_TO DO_
What's needed is an exact copy of the lines from the one that contains "Canon cartucho pg-540l negro" to the end of the data below, leaving the pictures out.

_DATA_
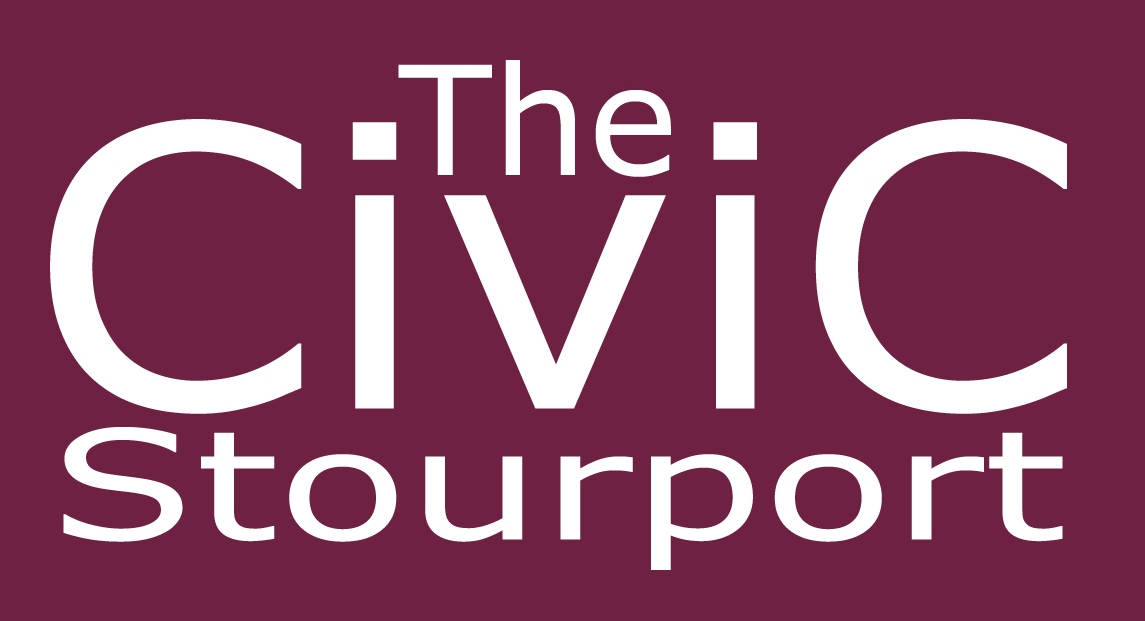 logo the civic stourport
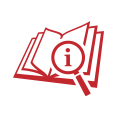 Educational and Easy-to-Follow Courses Icon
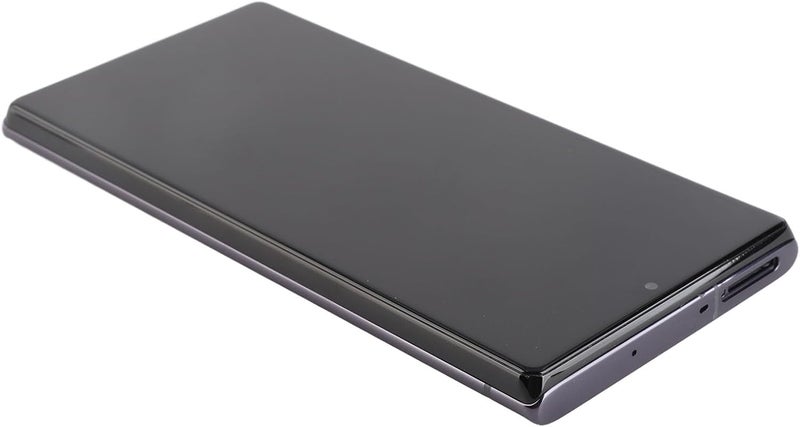 استبدال شاشة الهاتف Note 10 Plus، مجموعة شاشة لمس LCD بحجم 6.3 بوصة مع إطار، مناسبة للطرازات SM N970F، SM N970U، N9700 - Image 5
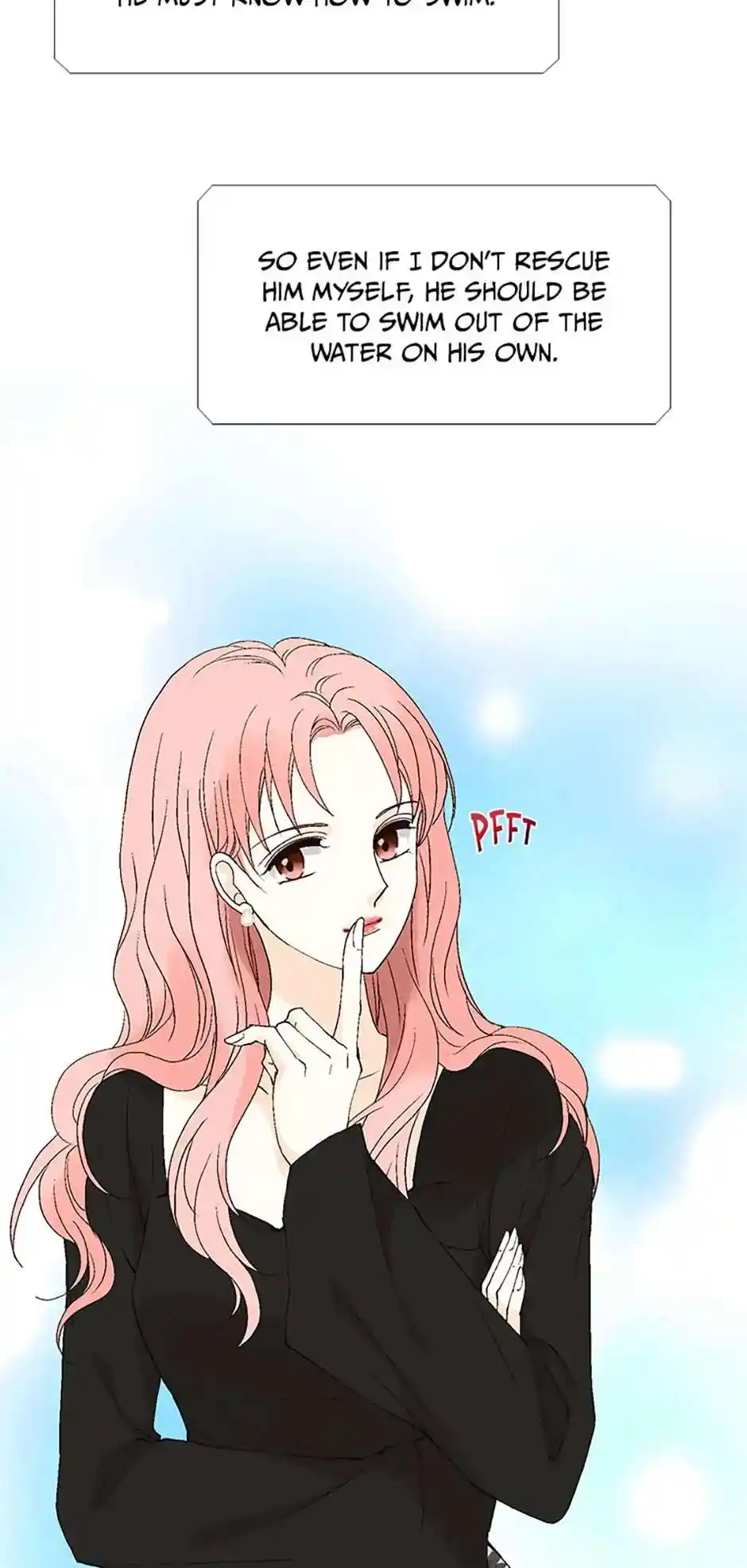 Flavors of Reincarnation Chapter 41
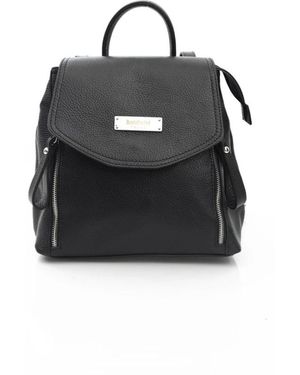 Baldinini Backpacks - Negro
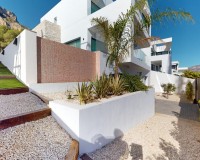 Nieuw constructie - Villa - Polop - PAU 1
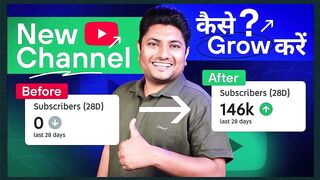 How To Make Thumbnails Like @decodingyt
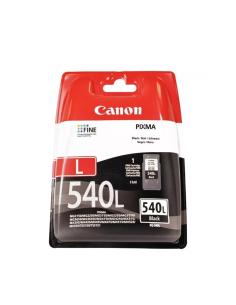 Canon cartucho pg-540l negro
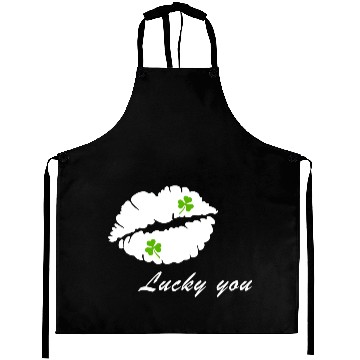 Discover Saint Patrick University PNG-Saint Patty's Day Sub Aprons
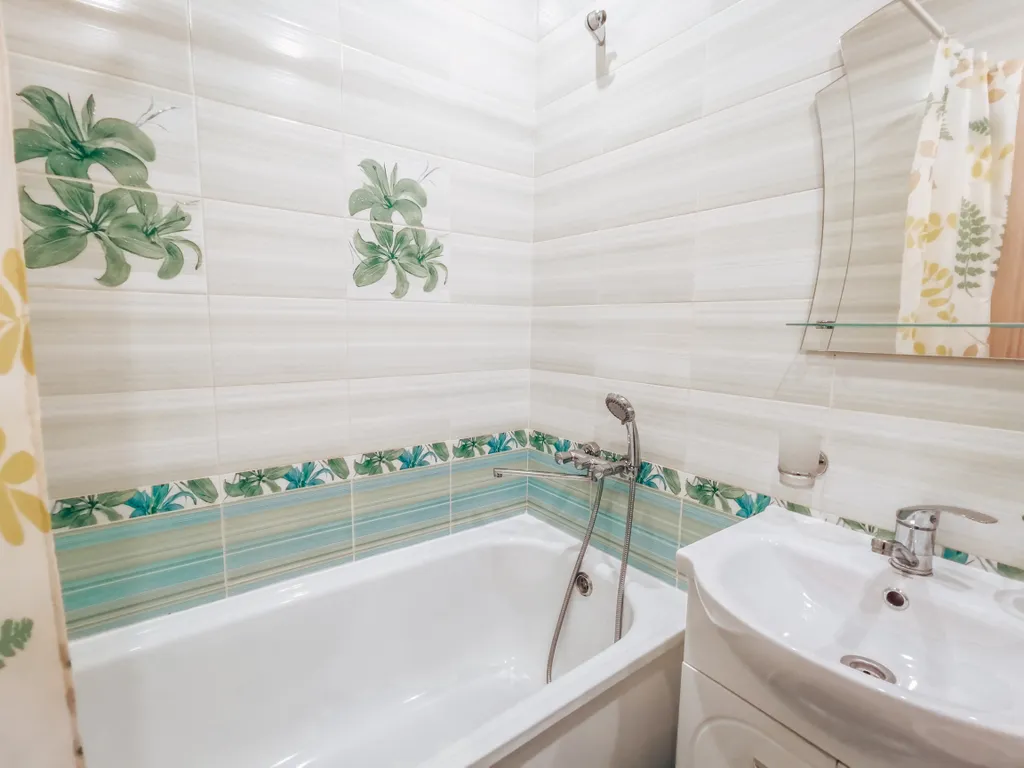 Уютная 1-комнатная квартира рядом с аэропортом и М-12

_RESPONSE TO THE EXERCISE_
 Canon cartucho pg-540l negro
 Discover Saint Patrick University PNG-Saint Patty's Day Sub Aprons
 Уютная 1-комнатная квартира рядом с аэропортом и М-12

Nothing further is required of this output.